- **What to do**:
For the entries below, repeat exactly each line starting with the one that contains "On Womens Cloud" and going on through the one that contains "Bape Sta Black Gray Pink Suede", and no others.

Segment Start: Extracted data

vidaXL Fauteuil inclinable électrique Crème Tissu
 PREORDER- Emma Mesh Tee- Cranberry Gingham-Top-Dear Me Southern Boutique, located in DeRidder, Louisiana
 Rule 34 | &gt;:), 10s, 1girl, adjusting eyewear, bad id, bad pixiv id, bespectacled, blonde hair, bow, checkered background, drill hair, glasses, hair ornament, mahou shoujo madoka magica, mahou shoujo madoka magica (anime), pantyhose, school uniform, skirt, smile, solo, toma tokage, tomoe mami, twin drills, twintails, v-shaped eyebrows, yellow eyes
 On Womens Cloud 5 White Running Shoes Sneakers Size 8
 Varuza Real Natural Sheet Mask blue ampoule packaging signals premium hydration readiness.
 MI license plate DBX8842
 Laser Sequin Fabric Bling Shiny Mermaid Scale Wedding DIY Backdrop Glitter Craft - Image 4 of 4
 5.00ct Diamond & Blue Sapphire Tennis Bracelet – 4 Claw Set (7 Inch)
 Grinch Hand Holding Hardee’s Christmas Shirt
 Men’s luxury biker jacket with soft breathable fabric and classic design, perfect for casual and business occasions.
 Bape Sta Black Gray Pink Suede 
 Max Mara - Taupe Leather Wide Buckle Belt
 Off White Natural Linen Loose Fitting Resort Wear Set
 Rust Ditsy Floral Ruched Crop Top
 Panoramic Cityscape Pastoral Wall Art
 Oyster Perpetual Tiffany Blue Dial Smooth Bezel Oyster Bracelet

Segment End: Extracted data

- **Reply to the exercise**:
 On Womens Cloud 5 White Running Shoes Sneakers Size 8
 Varuza Real Natural Sheet Mask blue ampoule packaging signals premium hydration readiness.
 MI license plate DBX8842
 Laser Sequin Fabric Bling Shiny Mermaid Scale Wedding DIY Backdrop Glitter Craft - Image 4 of 4
 5.00ct Diamond & Blue Sapphire Tennis Bracelet – 4 Claw Set (7 Inch)
 Grinch Hand Holding Hardee’s Christmas Shirt
 Men’s luxury biker jacket with soft breathable fabric and classic design, perfect for casual and business occasions.
 Bape Sta Black Gray Pink Suede 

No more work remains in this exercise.